Add postscripts for installing Intel Gaudi drivers after OS provisioning. Rename "gaudi" to "intelgaudi" in software config per Dell's feedback. accelerator_config is going to be deprecated, change gaudi version input and check the same way AMD does. Do not install base packages on non-Gaudi nodes. Remove tuneD. Remove unused variables. Signed-off-by: Yupeng Zhang <yupeng.zhang@intel.com>

priti-parate · 2024-07-25T17:14:27Z

@@ -0,0 +1,21 @@
+// Copyright 2024 Intel Corporation.


C code is not allowed legally with omnia repo

This file is used to verify the tpc compiler works or not, just like test_ROCm_code.cpp.
Since omnia contains test_ROCm_code.cpp already, does it mean omnia only allows cpp but not c code?
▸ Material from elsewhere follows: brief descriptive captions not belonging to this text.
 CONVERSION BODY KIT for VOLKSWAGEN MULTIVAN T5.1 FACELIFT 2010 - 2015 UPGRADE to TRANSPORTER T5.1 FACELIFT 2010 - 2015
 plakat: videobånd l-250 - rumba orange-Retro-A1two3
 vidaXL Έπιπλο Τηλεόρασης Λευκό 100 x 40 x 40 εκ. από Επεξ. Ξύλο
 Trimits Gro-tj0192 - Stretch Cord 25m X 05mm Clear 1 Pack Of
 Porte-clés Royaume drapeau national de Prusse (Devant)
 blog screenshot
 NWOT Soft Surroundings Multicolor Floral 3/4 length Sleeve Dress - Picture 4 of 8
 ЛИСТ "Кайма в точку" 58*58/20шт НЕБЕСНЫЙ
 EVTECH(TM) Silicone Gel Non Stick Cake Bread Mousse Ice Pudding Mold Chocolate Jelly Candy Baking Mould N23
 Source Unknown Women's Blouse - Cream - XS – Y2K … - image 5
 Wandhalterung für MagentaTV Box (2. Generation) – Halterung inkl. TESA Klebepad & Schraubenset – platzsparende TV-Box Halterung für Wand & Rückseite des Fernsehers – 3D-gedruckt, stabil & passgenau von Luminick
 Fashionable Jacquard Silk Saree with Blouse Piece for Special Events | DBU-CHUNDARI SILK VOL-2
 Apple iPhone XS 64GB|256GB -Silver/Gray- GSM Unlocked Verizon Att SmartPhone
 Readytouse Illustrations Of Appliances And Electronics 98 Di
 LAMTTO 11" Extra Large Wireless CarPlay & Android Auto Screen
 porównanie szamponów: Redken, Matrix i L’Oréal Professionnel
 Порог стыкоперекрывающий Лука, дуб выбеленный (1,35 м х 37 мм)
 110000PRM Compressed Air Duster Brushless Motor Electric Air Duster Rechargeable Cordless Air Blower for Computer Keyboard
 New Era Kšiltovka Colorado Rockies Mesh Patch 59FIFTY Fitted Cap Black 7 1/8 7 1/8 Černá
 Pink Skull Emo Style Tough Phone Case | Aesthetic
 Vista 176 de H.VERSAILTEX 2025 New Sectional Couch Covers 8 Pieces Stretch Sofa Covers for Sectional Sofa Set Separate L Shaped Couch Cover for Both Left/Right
We need to remove test_ROCm_code.cpp also

@yupengzh-intel, just remove our c code. @priti-parate should take care of the other ones that are not part of this PR.

let's remove it and remove the test too

priti-parate · 2024-07-25T17:15:54Z

+- name: Check if accelerator is present on node
+  ansible.builtin.include_tasks: verify_has_accelerators.yml
+
+- name: Include accelerator_config


not required as we need to read values from software_config.json

Ok, will remove that.

priti-parate · 2024-07-25T17:17:59Z

+intel_gaudi_device_pattern: "Processing accelerators: Habana Labs Ltd."
+
+intel_habana_packages:
+  - habanalabs-container-runtime


container-runtime should be part of scheduler.yml. just after kubernetes installation we can call k8s_habana_container_runtime role

Will move to scheduler

priti-parate · 2024-07-25T17:19:15Z

+
+intel_habana_packages:
+  - habanalabs-container-runtime
+  - habanalabs-dkms


all other packages need to read from gaudi.json. MEanining playbook should install whatever present in Gaudi.json so that if there is any change in package later it will automatically apply just by updating Gaudi.json file

I see amd defines the package names in role too. But I think it is a good idea to define package list only in json, to achieve centralized configuration. But for provisioning postscripts, still need to manage their own copy.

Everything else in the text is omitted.